### INPUT DATA:
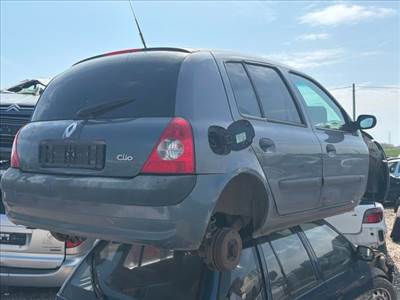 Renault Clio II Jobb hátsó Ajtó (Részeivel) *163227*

---

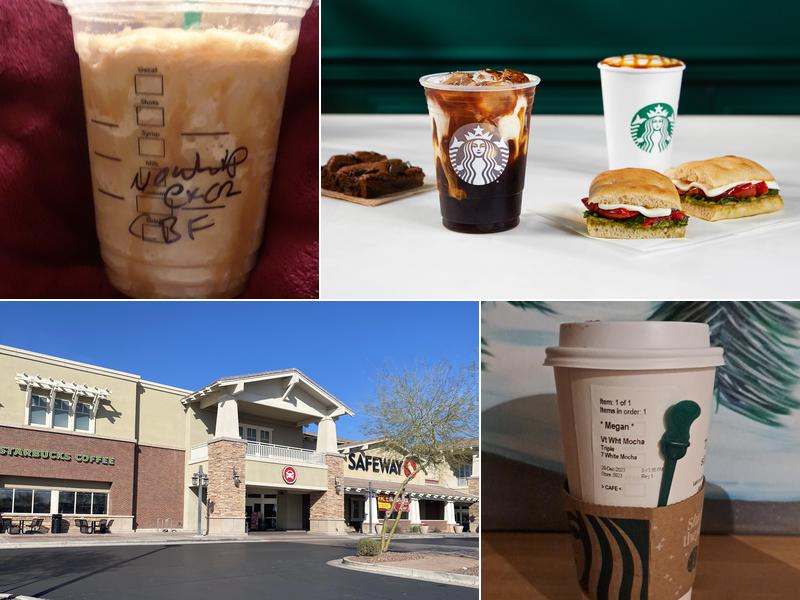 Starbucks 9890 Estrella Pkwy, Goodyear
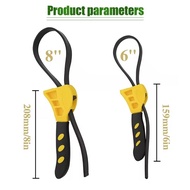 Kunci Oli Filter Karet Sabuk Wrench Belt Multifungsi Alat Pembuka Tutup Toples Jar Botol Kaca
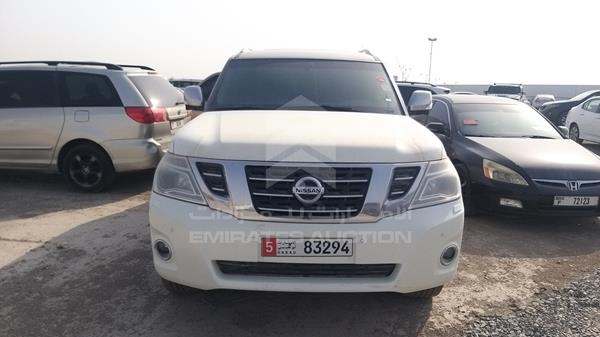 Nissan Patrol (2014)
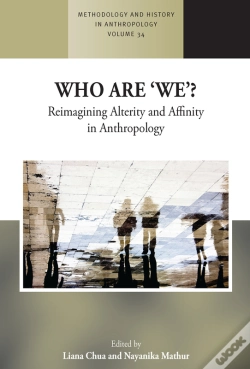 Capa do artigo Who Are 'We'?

### PROBLEM TO WORK ON:
With pictures excluded, reproduce exactly the lines above from the one containing "Kunci Oli Filter" down to the one containing "Capa do artigo Who Are 'We'?", those two included.

### SOLUTION FOR THIS PROBLEM:
 Kunci Oli Filter Karet Sabuk Wrench Belt Multifungsi Alat Pembuka Tutup Toples Jar Botol Kaca
 Nissan Patrol (2014)
 Capa do artigo Who Are 'We'?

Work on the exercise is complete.